Fraudulent investment schemes have been in the news over the past few years as unscrupulous individuals stole millions of dollars from people enticed by the opportunity to earn extraordinarily high returns on their investments. The most common form of investment fraud is the pyramid scheme.
In a typical pyramid scheme, the person committing the fraud recruits investors with the promise of returns on their investments that far exceed the returns on other investment vehicles. The originator of the scheme recruits someone to invest a fixed sum of money by giving it to the originator. The investor must recruit other people willing to pay the investor.
The scheme continues with additional people being recruited in order to pay those investors who preceded them. The fraudulent aspect of a pyramid scheme is found in the geometric shape from which it derives its name. The originator of the scheme is at the top of the pyramid with an abundance of potential investors. As more investors join the scheme, fewer potential investors exist for newcomers to recruit.
Ultimately, the vast majority of the people involved in a pyramid scheme will lose the money they invest in it. For this reason, Texas and most other states have enacted laws making pyramid schemes illegal.
People have devised variations on the traditional pyramid scheme in an attempt to circumvent criminal laws making it illegal.

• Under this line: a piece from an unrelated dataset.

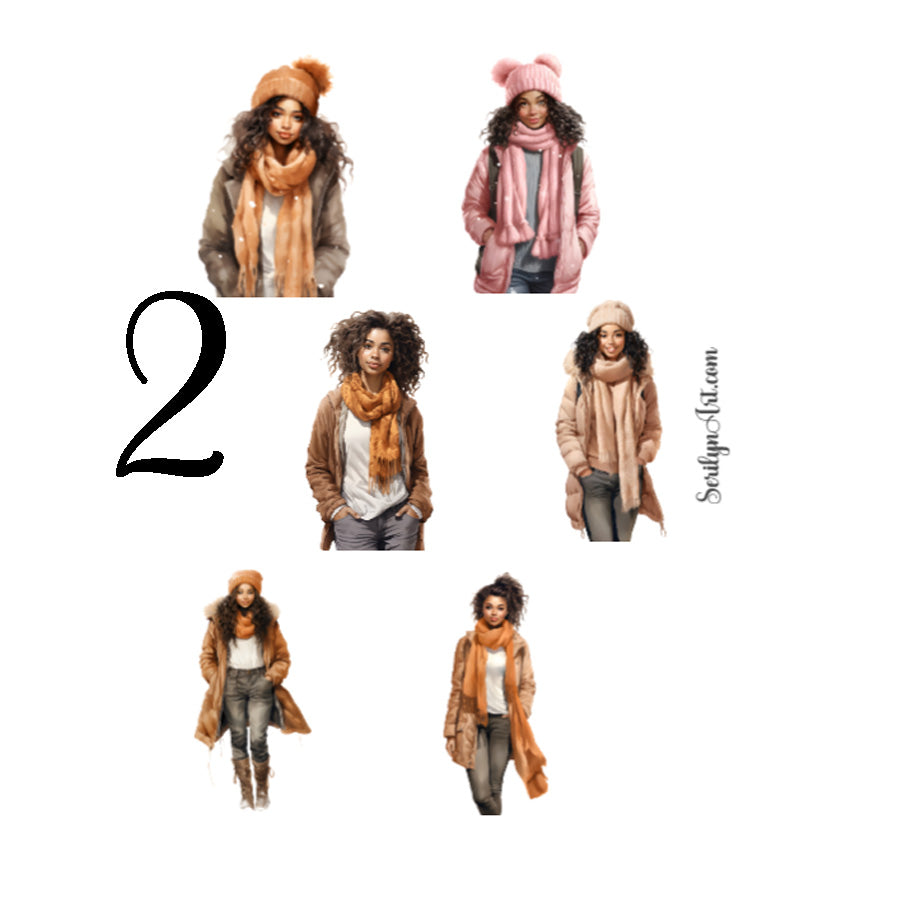 Watercolor Winter Girls Sticker Sheet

Multi-level marketing where a distributor recruits people to sell a product and profits from their sales volume is not a pyramid scheme as long as the product or service offered for sale has an intrinsic value.
A fraudulent multi-level marketing scheme occurs when the only value of the product or service is the cost charged to new people recruited to sell it. Essentially, the only way a person can make money from the product is to recruit other salespeople who pay the recruiter for the product.
Charles Ponzi operated one of the first fraudulent investment schemes in 1920 when he recruited investors with the promise of a 100 percent return on investment within three months. Ponzi did not invest the money taken from investors. Instead, early investors were repaid with money collected from new people recruited into the investment scheme.
Eventually, Ponzi ran out of new investors. One year after he began to recruit investors, Ponzi was arrested and charged with taking more than $20 million from his victims for his ponzi scheme.